Correct. I did want to emphasize the point that network/internetwork
control protocols MUST have absolute priority, and, in production
environments, it's often wise to have either out-of-band or
prioritized telnet for remote consoles.

>The real basis of my question was if a question says "set a specific
>priority or DSCP for a specific type or subset of traffic and use
>"best effort" for everything else", do I retag all other traffic
>with all zero's for the TOS byte or do I trust them the values of
>the TOS byte for this traffic. What does "best effort" actually
>imply, all zero's or unchanged?
>

It's a little more subtle than that. Under the differentiated
service model, there are two main kinds of traffic: guaranteed
service (GS) and best effort (BE). Controlled load is a special case
and not worth considering in a general discussion.

BE is a somewhat misleading term when one looks at the Cisco RSVP
implementation of GS. Since you can reserve only 75 percent of an
interface bandwidth for GS, leaving 25 percent for BE, the
highest-priority BE really has a guarantee that it will get 25
percent of the total bandwidth.

If this were a question in the CCIE lab, you really have already
identified the key issue, which, I believe, is a legitimate question
to ask a proctor: "I need to determine what amount of policy
enforcement you want. Do I force differentiated service priority, or
should I trust the data originator? Further, should I follow best
practice and not reprioritize routing protocols and related network
control mechanisms?"

[If the proctor answered "no" to the last question, I might indeed
walk away muttering that he needed a thorough thrashing with a large
clue stick. Nevertheles...]

Given that you'll use a router as data source in the lab, AFAIK, it
will not set non-routine priority on anything other than VoIP.

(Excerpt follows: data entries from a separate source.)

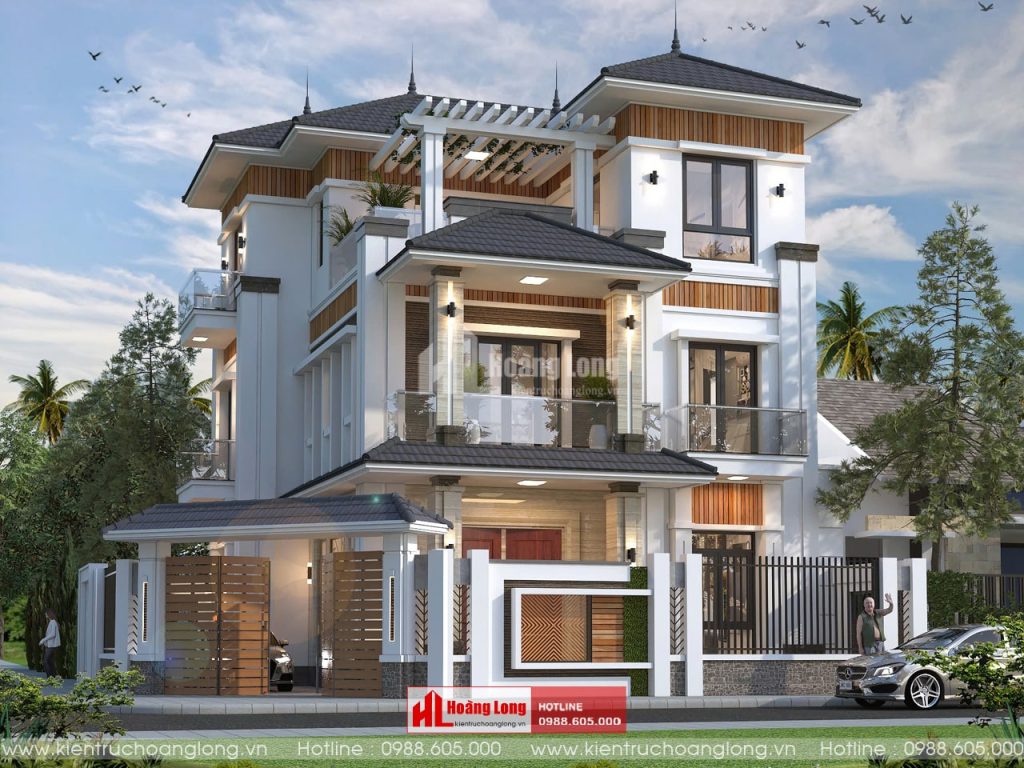 Thiết kế biệt thự hiện đại 3 tầng mái Nhật tại Kinh Môn Hải Dương [HL340623]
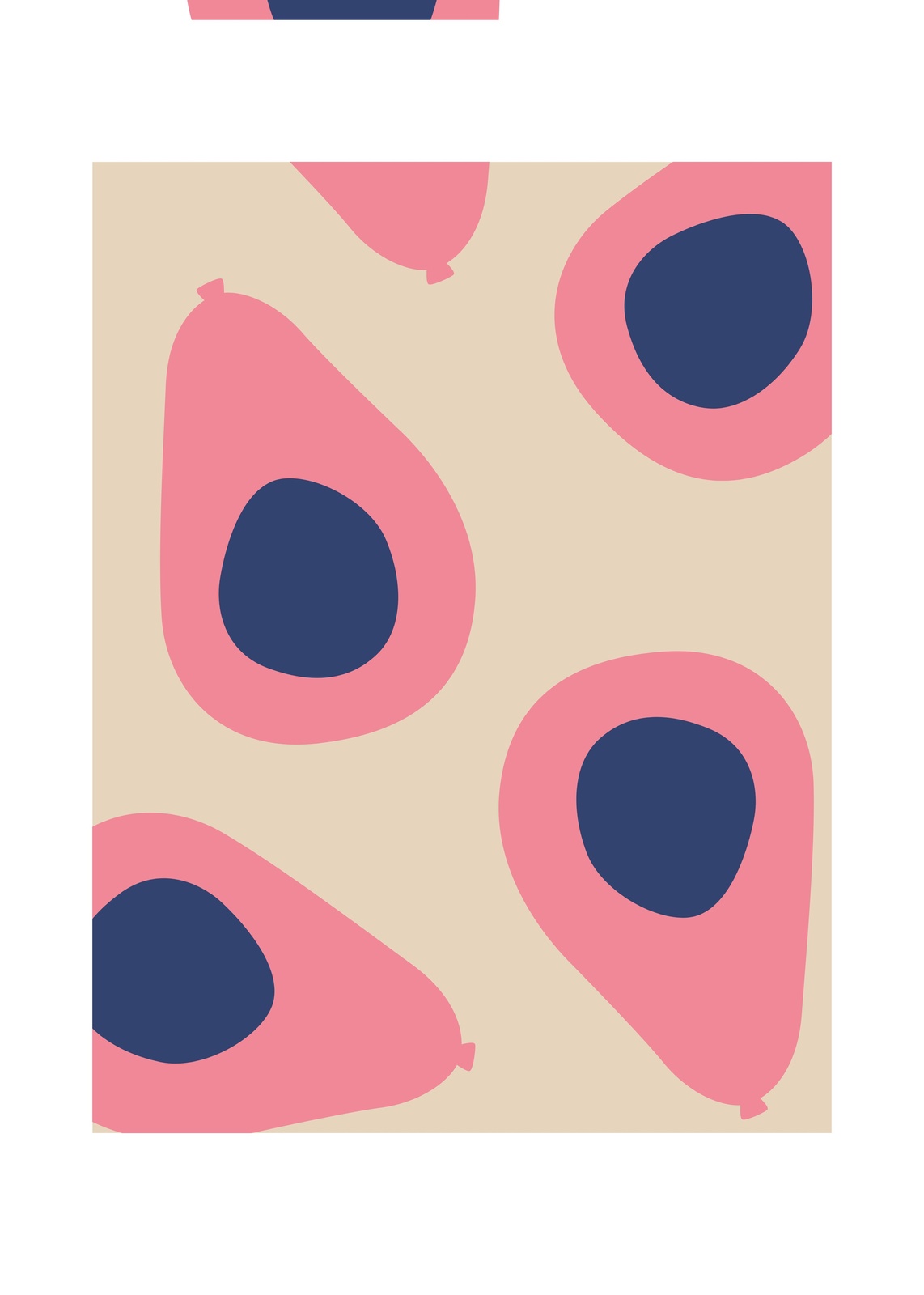 Abstract Pink Avocados Wall Art Wall Art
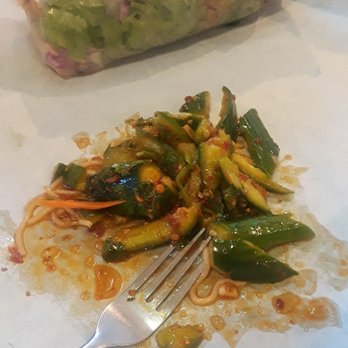 Lona's Lil Eats - Veggie and pork wrap with spicy cucumber salad - Asian Fusion Near Me - St Louis, Missouri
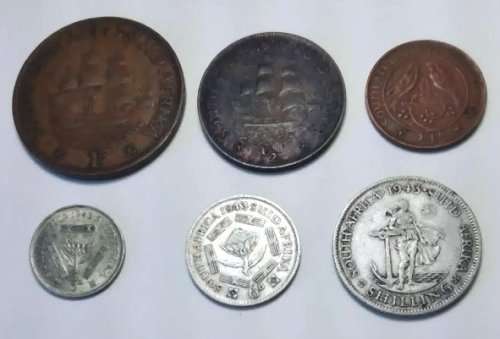 1943 Union Set - George VI - quarter penny, half penny, one penny, three pence,six pence, shilling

Is that answer closer to your question? :-)

>
>-----Original Message-----
>From: nobody@groupstudy.com on behalf of Howard C. Berkowitz
>Sent: Tue 5/4/2004 5:48 PM
>To: ccielab@groupstudy.com
>Cc:
>Subject: Re: Best Effort Definition
>
>
>
> At 4:31 PM -0400 5/4/04, Kenneth Wygand wrote:
> >Hello Group,
> >
> >
> >
> >I think I know the answer to this one but I just want to get some more
> >opinions...
> >
> >
> >
> >If I am performing QoS (whether it be CoS, IP Precedence, ToS Bits, or
> >DSCP), supposed I would like to "mark all traffic going from
>router A to
> >router B as IP Precedence 6 while other traffic receiving
>"best effort"
> >service"... obviously through some kind of classification, marking and
> >queuing I would make sure all traffic from router A to
>router B receives
> >the type of service it requires.
>
> Why are you using priority 6? Priority 5 is intended as the highest
> to be used for application traffic.
>
> >However, what about all other traffic?
>
> Priorities 6 and 7 are reserved for time-criticall routing protocols,
> network management, etc. Never interfere with the priorities for
> these services, or you may create a situation where the routers lock
> up and you cannot get control. Along the same lines, you might want
> to create fine-grained rules to have telnet from a control console at
> priority 5.
>
> >When requesting that other traffic gets "best effort",
>should one leave
> >the QoS markings as-is, or actually remark them back to all 0's?
>
> Leave them as-is. I can't say with certainty that any other
> applications will set priority, but they rarely do without a good
> reason. If, for example, you use TFTP to reload NVRAM during
> production hours, I might give it priority 4.
>
> To put it in perspective, the original military purposes of the
> precedences were having the highest for network and internetwork
> control. The next was used, among other things, for Emergency Command
> Precedence, which is an order to launch a nuclear weapon. Considering
> that the sender of such a message may become part of a mushroom cloud
> at any time, that message HAS to take priority -- but even then, the
> network/internetwork control had even higher precedence, because if
> they weren't working, the network might not be there to carry the
> Emergency Action Message at ECP precedence.